CS171 Final Project – Treemapping Architectural Program Documents
It seems like all I do here is post Processing applets. Well, here's another one. This is the final project for my CS visualizations class, an attempt to use treemapping to explore architectural program documents. The full project presentation is here, which includes some background and discussion of the goals and implementation.
I started out thinking I was going to make an adjacency diagram tool, that used graph representation to explore the topology of an architectural program. This sort of idea has been explored fairly thoroughly by Aedas R&D as well as by a BVN Usyd team. However, after some research and test implementation I changed my approach to treemapping, which drops adjacency in favor of nested grouping. The reasons behind this were based not only on an interpretation of the data at hand, but also on the relationship between diagrams and built work in architecture and a desire to make something that was not formally suggestive.
Graph representation has at least a 50 year history computational design, with the initial apotheosis occurring in the mid 1970's at Cambridge University, in research labs aimed primarily at optimizing architecture for walking distances. This was part of a larger search for architectural problems that had objective solutions, to create a school of architecture that had a solid scientific basis. While the work done by the CU researchers was rigorous and interesting, ultimately walking distance faded as an area of research, partially because its optimal organizations often flew in the face of other architectural requirements (such as constructability) but also because the issue of adjacency was more easily solved through telephone and intercom systems.

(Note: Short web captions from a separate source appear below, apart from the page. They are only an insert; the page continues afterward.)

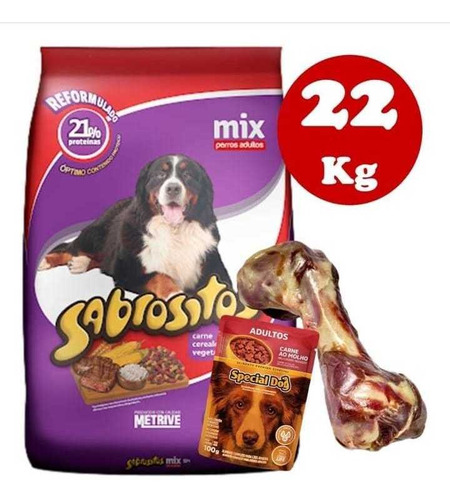 Sabrositos Adulto Mix 20+2kg + Regalo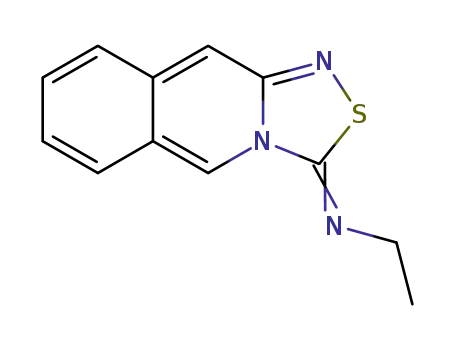 N-(3H-[1,2,4]thiadiazolo[4,3-b]isoquinolin-3-ylidene)ethanamine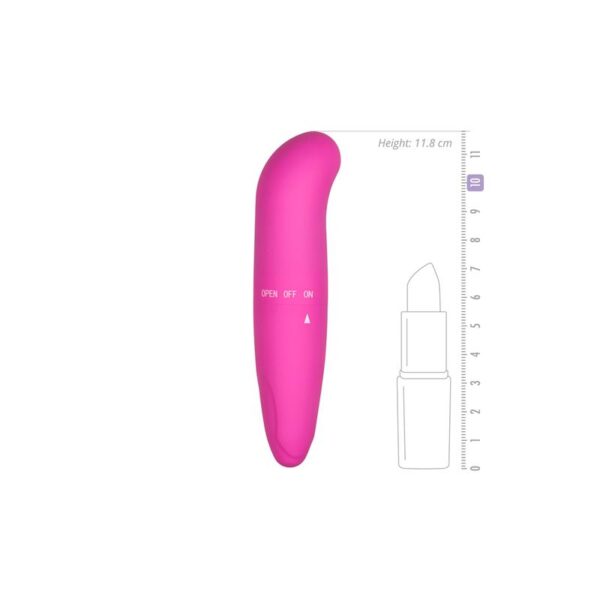 Mini Vibrador Punto-G Rosa - Imagen 4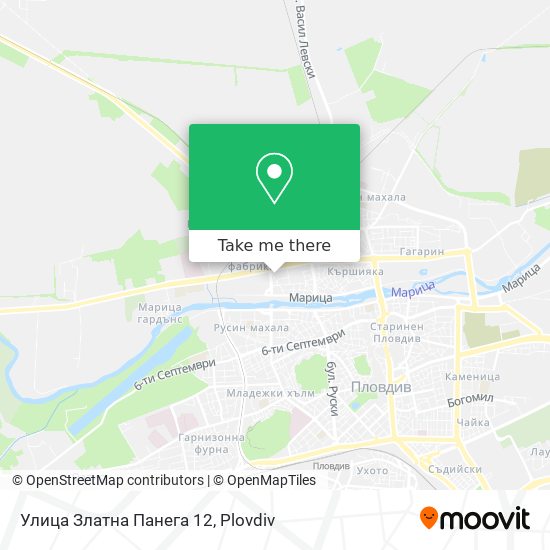 Улица Златна Панега 12 map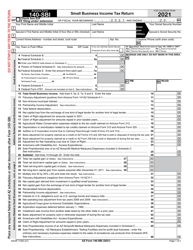 Document preview: Arizona Form 140-SBI (ADOR11400) Small Business Income Tax Return - Arizona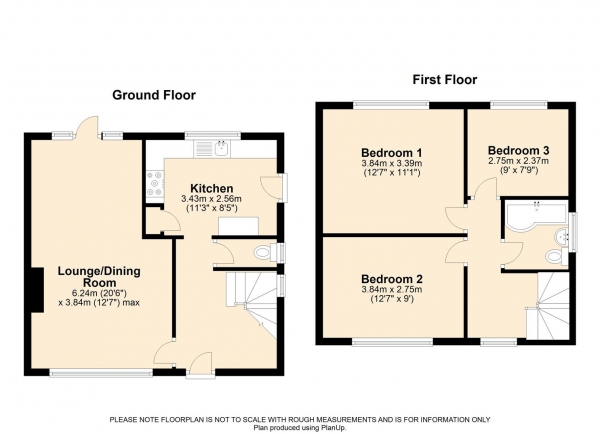 Floor Plan Image for 3 Bedroom Semi-Detached House for Sale in Hatford Road, Reading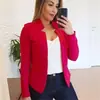 2023 outono e inverno novo desejo da Amazon explosões europeias e americanas cor sólida casual profissional pequeno terno jaqueta roupas femininas
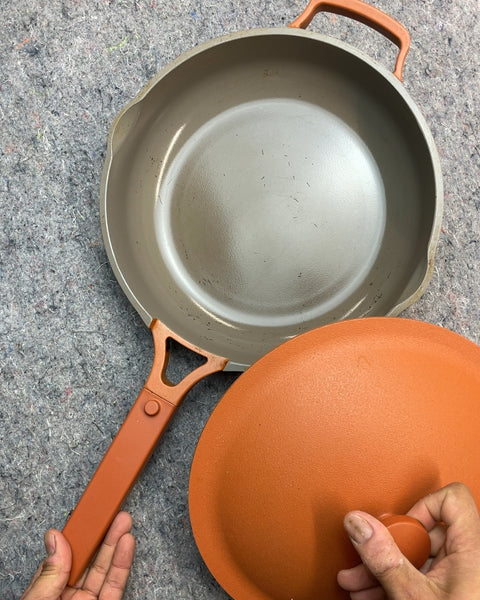 Our Place Orange Pan & Lid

For a more in-depth exploration of this history, please read the "Fenland Tech" article by Sean Keller in the MIT press, or better yet his GSD thesis from a few years ago.

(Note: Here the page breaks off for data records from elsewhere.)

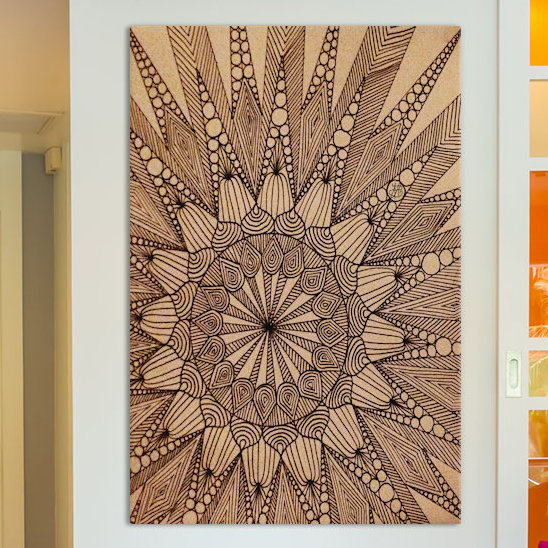 «Here Comes The Sun» par Angelika Parker - reproduction d'impression sur papier, H 12 po x l 8 po x P 0,75 po, Toile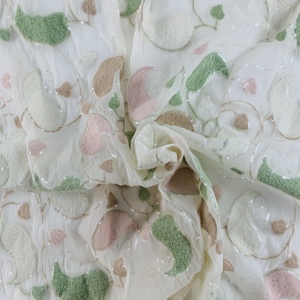 Tessuto in Pizzo di Lusso con Perline per Abiti da Sposa, Tessuto in Pizzo con Perline Fatte a Mano, Tessuti in Pizzo di Lusso per Feste - Product Image 3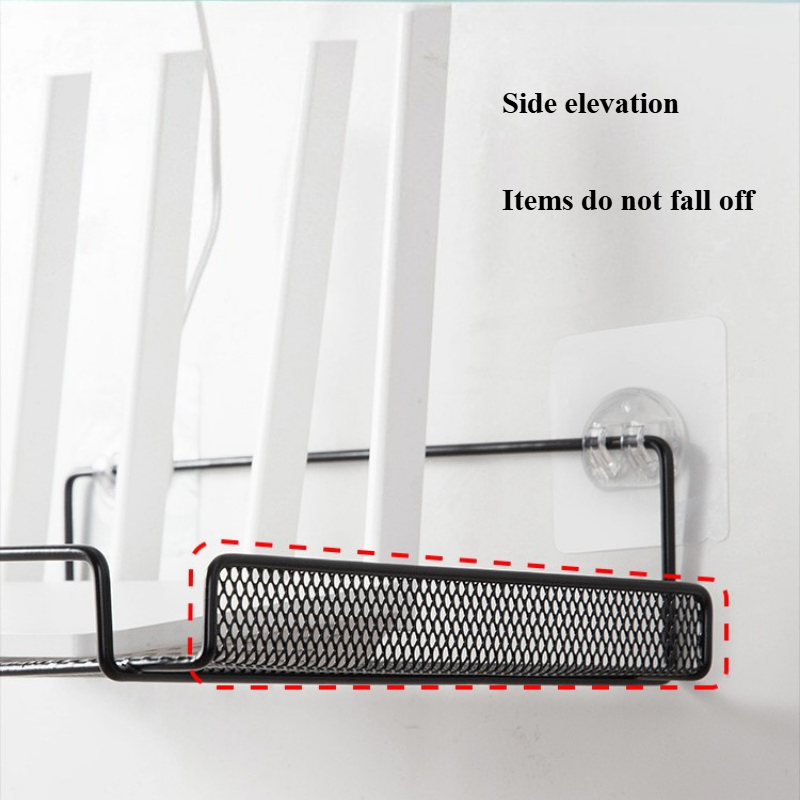 Estante de pared para router,  - Home Edit Bathroom Storage reseña y precio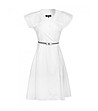 Бяла рокля с колан Mariela-2 снимка
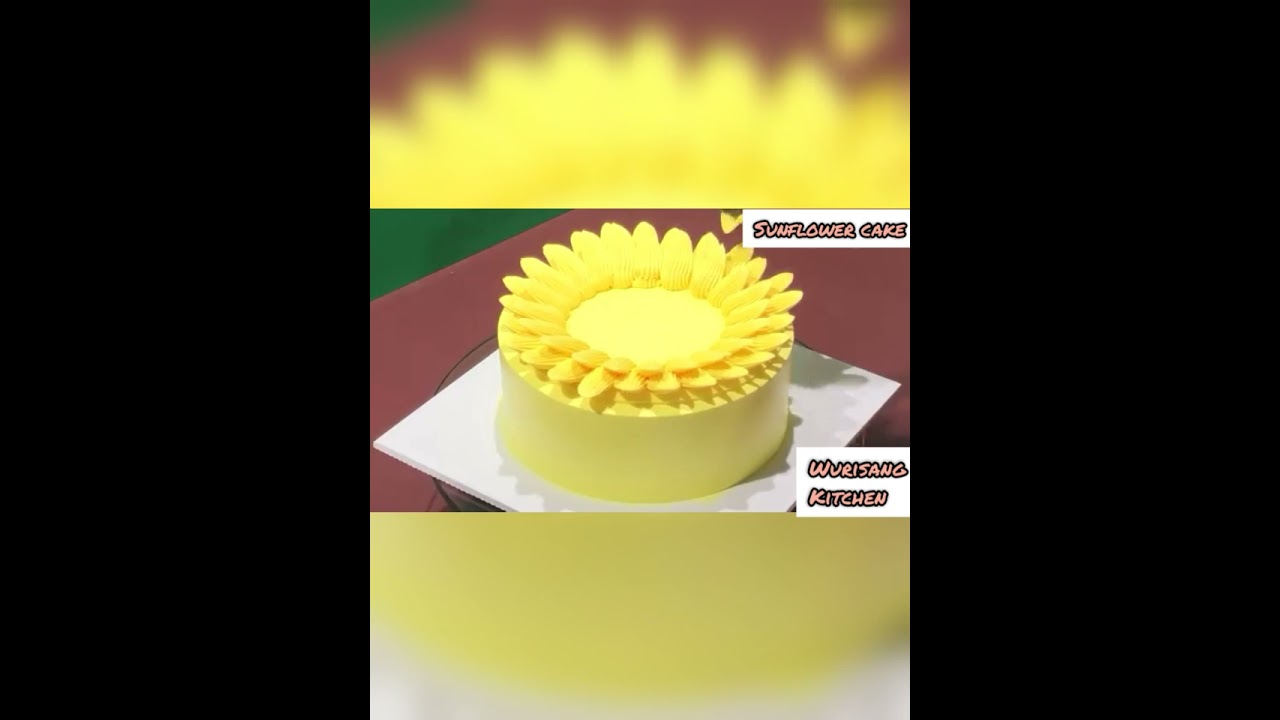 Amazing SUNFLOWER CAKE decoration  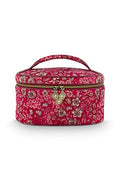 Cleo Kosmetiktasche – Gestepptes Daisy Dreams-Design - PIP Studio (rot)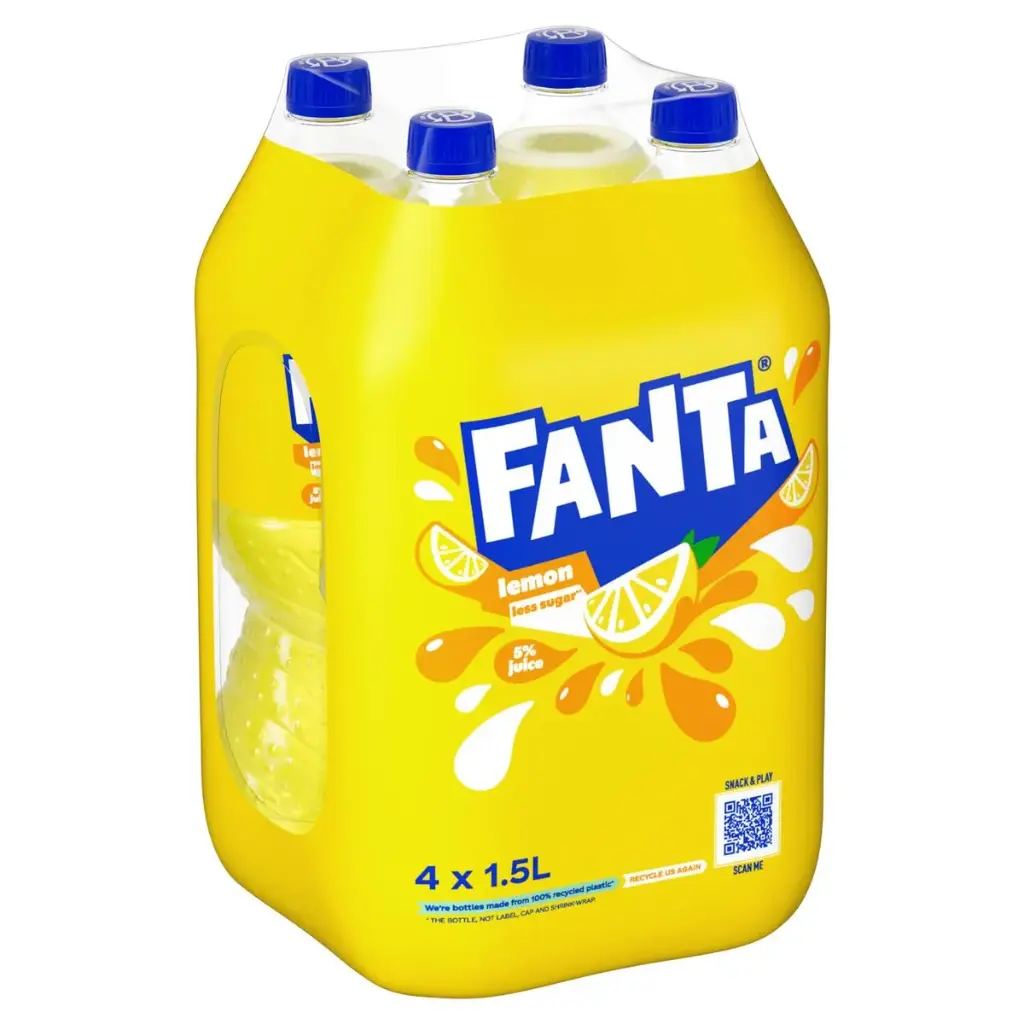 Fanta Lemon 4x1,5 L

Compounding this historical warning flag was the fact that producing graph layouts of existing structures is actually a lossy, reductionist way of showing floor plan information - one early reviewer called the idea "idempotent." There is also some inherent flaws in the method, such as how to represent circulation space, particularly looped hallways. The topology of a building's room layout is invariably more complicated than a simple graph layout can really indicate, and usually some important detail is lost in the conversion. The BVN blog has a great post on the limitations of adjacency graphs.
I looked instead more closely at visualizing nonspatial data-- that is, the horrifically boring, overly detailed program requirement documents that get handed over to architects on pretty much any large scale project. I concentrated in particular on public school documentation, as they are inextricably linked to public policy and funding, and the building type is overdue for some re-imagination. On review, it became quickly clear that adjacency doesn't really play a strong part in program requirements, and where it is mentioned, relationships are unclear (adjacency can be defined by nearness, visibility, connectedness, etc). I chose instead to take advantage of the basic structure of the document - as a series of nested groups - and visualize this ownership hierarchy over some imagined or invented connectivity. Doing this also avoided a major pitfall of program visualization, which is that bubble diagrams or adjacency graphs can be too suggestive of a final form, leading to the architect "building the diagram." This method takes maximum advantage of the spatial encoding of data while being as neutral to the idea of a building's form as possible.
In the end, I'm not that enamored with the tool I've created, but the above insight makes the entire process worthwhile.

May 4th, 2011 - 02:38
Thanks for the link! It’s the first bit of external recognition that we’ve got, and we didn’t even need to pay for it!
This looks like interesting work, How are you constructing the adjacencies and nesting etc? I think that that end of things is a bit neglected, and it’s been on my todo list for eternity.
I’ve read a few of your other posts and it’s good stuff; keep it up!
Email me, I’d love to talk about a few things.
May 5th, 2011 - 09:33
Hi Ben,
You guys are doing great work (and I appreciate the heroic effort to deal with the Revit API). The choice of a tree organization was actually data driven – most big projects here in the US come with a program requirements document where the space requirements are organized outline style, which can be easily interpreted as a tree. Adjacency is based upon the order of listing in the document. I wanted to make a tool that didn’t suggest adjacencies that were not in the original document, to make it as neutral as possible. If you drill down into my project description on the applet page you’ll see some more info about this decision. In the end, adjacency seems more useful for evaluating spaces after initial arrangement, rather than as a generative metric in itself, as often unexpected adjacencies are central to interesting designs, and other concerns can easily override adjacency as the primary drive behind a design.